America lost one of its best public interest agitators last week, and I can’t let him go without a tip of the hat. David Freeman was not a household name, but he certainly was a household hero – a smart, tenacious champion for consumers, clean energy, and common sense over the price gouging, pollution, and general greed of Big Energy.
A top energy policy shaper under three presidents, he went on in the next four decades to be a pioneering, rock-the-boat reformer as head of the Tennessee Valley Authority, New York Power, Texas’ Lower Colorado River Authority, Sacramento Municipal Utility, and Los Angeles Water & Power.

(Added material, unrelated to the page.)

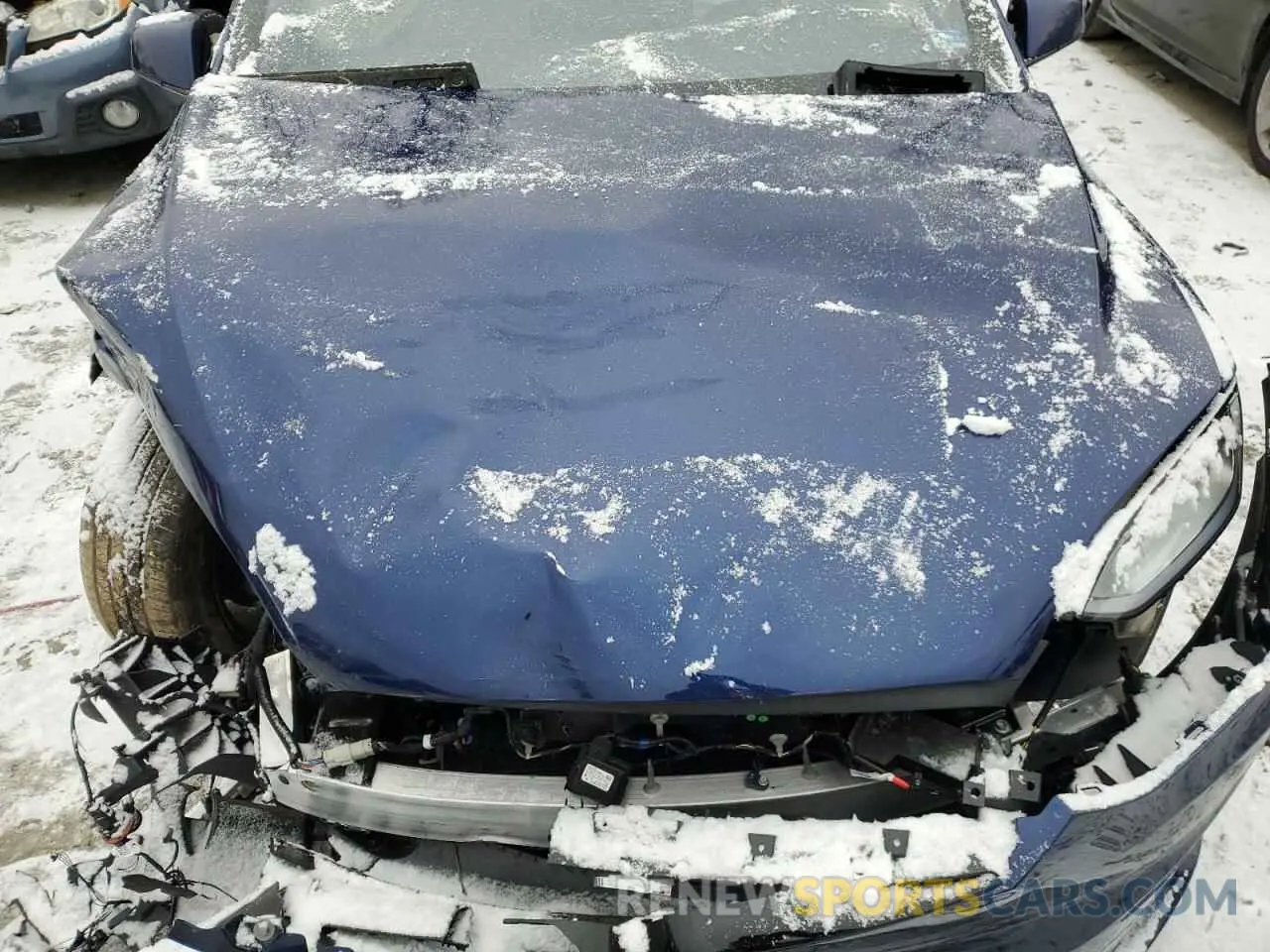 12 Photograph of a damaged car 7SAXCDE59NF358968 TESLA MODEL X 2022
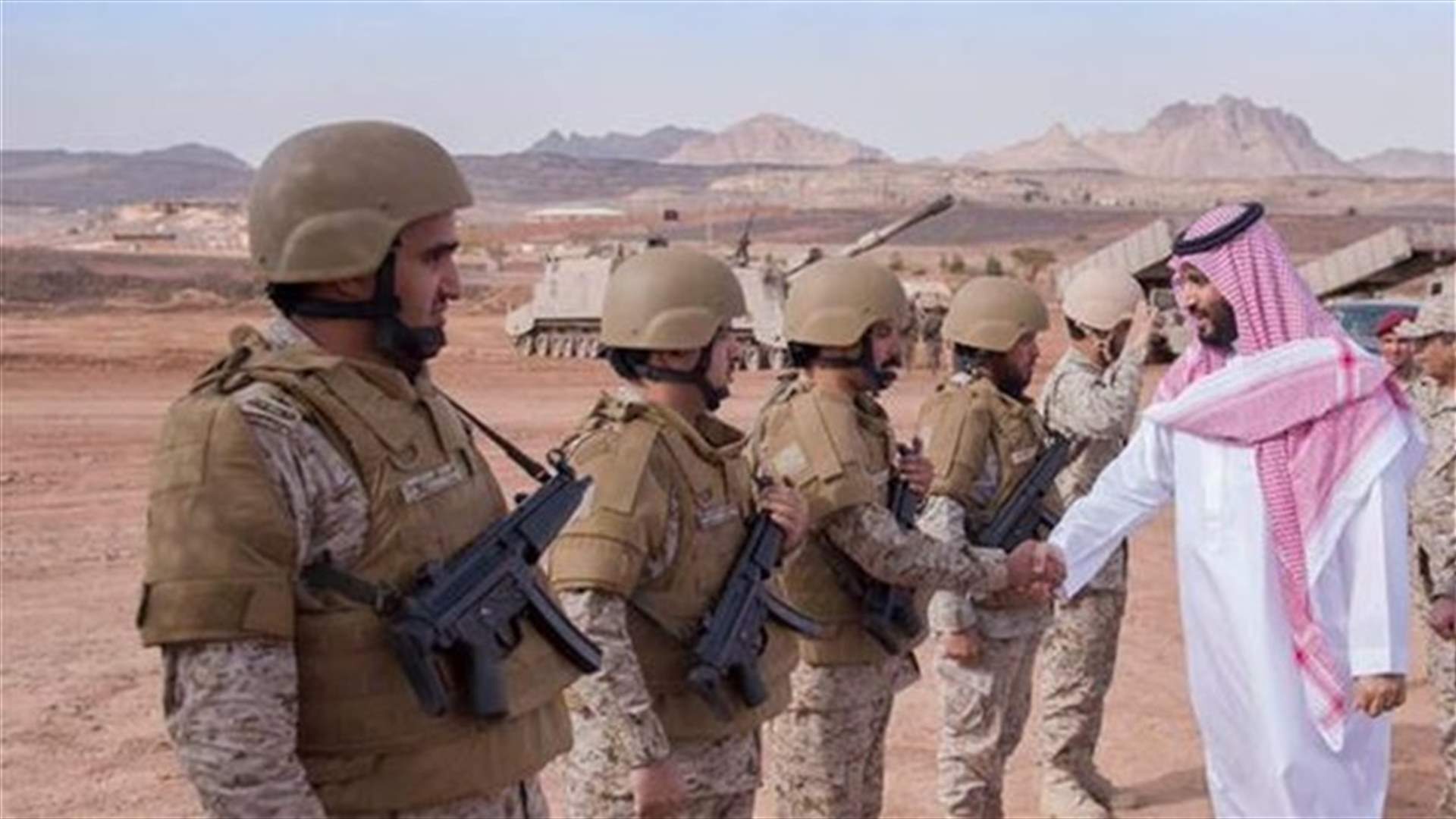 بالصور..الامير محمد بن سلمان يتفقد مواقع للجيش السعودي على الحدود مع اليمن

At these massive, hidebound, often-corrupt elective utilities, Freeman pushed through democratic reforms, installed pollution controls, abandoned filthy coal-fired projects, and stopped development of nuclear reactors.
Also – way ahead of this time – he actively promoted wind, solar, electric cars, and conservation at every stop. In the 1970s, for example, to the shock of the nation’s power establishment, this maverick declared he wanted “to hook TVA customers to the sun,” and by 1992 he was a leader on the then-fringy politics of climate change, declaring that “The planet cannot afford the continued or increased production of coal or oil.”
Of course, he was despised by the corporate interests and their politicians. “I’ve been called a lot of bad things,” he said not long ago, but “I don’t feel like I’m making my case if I don’t have somebody pissed off at me.”
David Freeman’s rebellious, hard-working heart gave out at 94, but not his public-minded spirit and feistiness, which he passed on to all of us who will now press ahead in his footsteps.